WHY FREE MARKETS HAVE LITTLE TO DO WITH INEQUALITY
June 3, 2008
The nation with the lowest levels of poverty and income inequality in the European Union (EU), as well as the lowest rate of long-term unemployment, is Denmark -- a country with competitive product markets and some of the least restrictive labor laws. Countries with the worst social outcomes (Greece, Italy and Portugal) all have restrictive product and labor market laws. Liberalization, it seems, no more threatens social justice than regulation guarantees it, says Philip Whyte, a senior research fellow at the Centre for European Reform.
The reason the Nordics and the Dutch have the most egalitarian outcomes is that they provide the best education.

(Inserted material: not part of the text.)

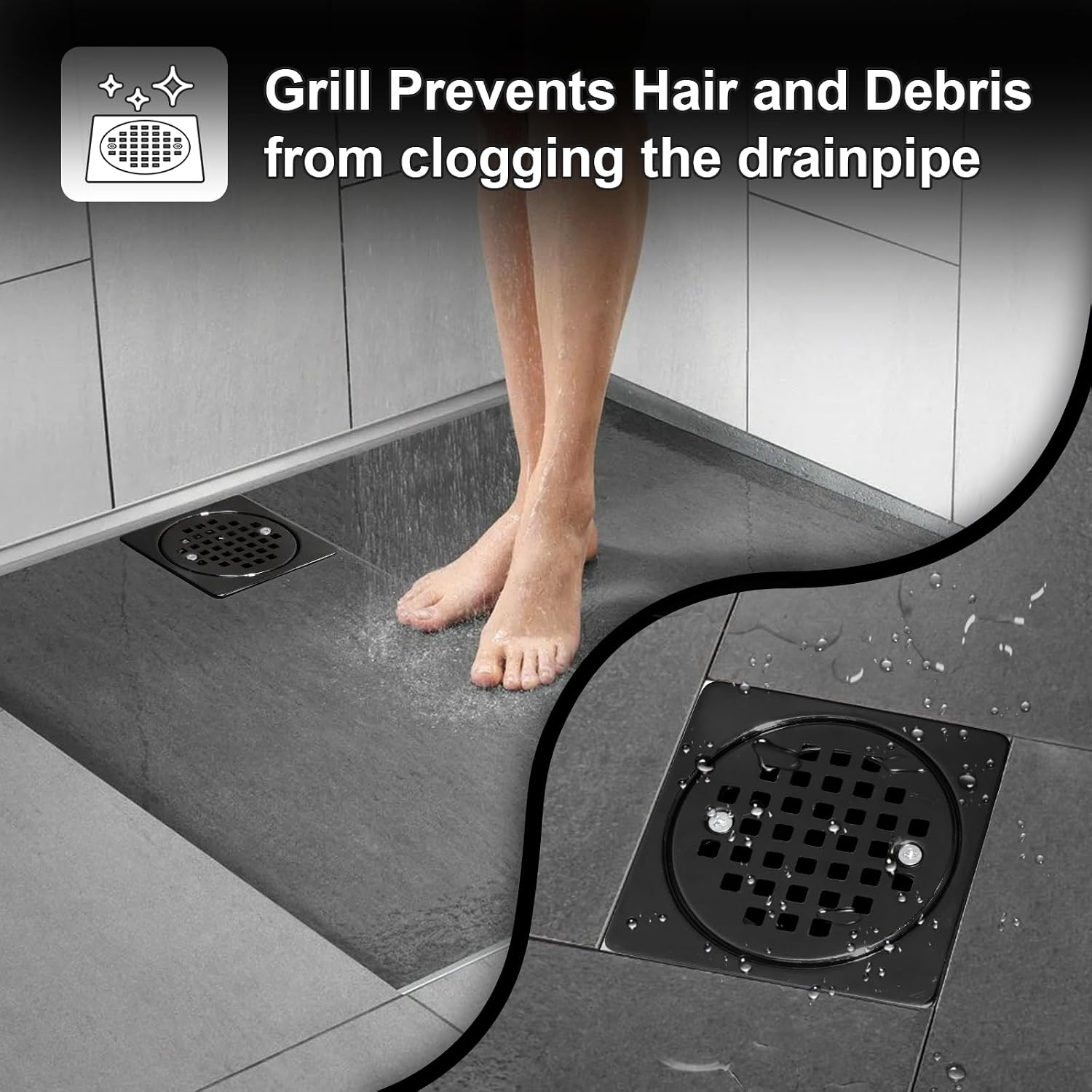 2-Inch Square Shower Drain Kit with Matte Black 304 Stainless Steel Grate — Schluter Kerdi Compatible – Image 2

The correlation between educational and social outcomes across the European Union is striking, says Whyte:
- People with low levels of attainment at secondary education are most exposed to the risk of poverty.

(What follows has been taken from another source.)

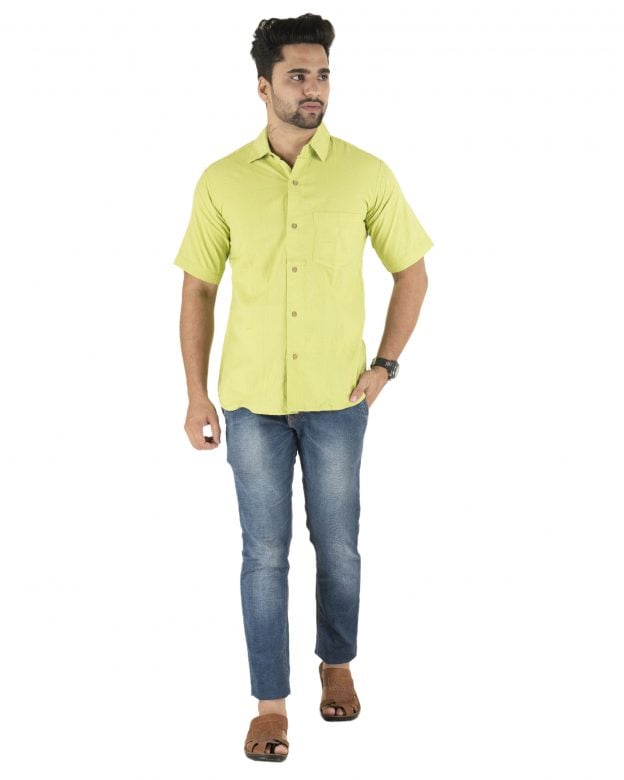 Tribes India Cotton Regular Fit Half Sleeve Shirt - Light Green - S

- Moreover, the more educated people are, the more likely they are to work.
- The employment rate for Europeans with tertiary education is 80 percent, whereas it is just 50 percent for those who fail to complete their secondary education.
What makes Nordic education systems special?
- Partly, it is quality: 15-year-olds in northern Europe have higher literacy and numeracy levels than those in southern Europe.
- But the length of schooling is equally important; in Denmark, Finland and Sweden, 90 per cent of 25- to 34-year-olds have completed upper secondary education -- and 40 percent have gone on to obtain tertiary qualifications.
- In Portugal, the respective figures are 43 percent and 19 percent, while in Greece they are 57 per cent and 25 percent.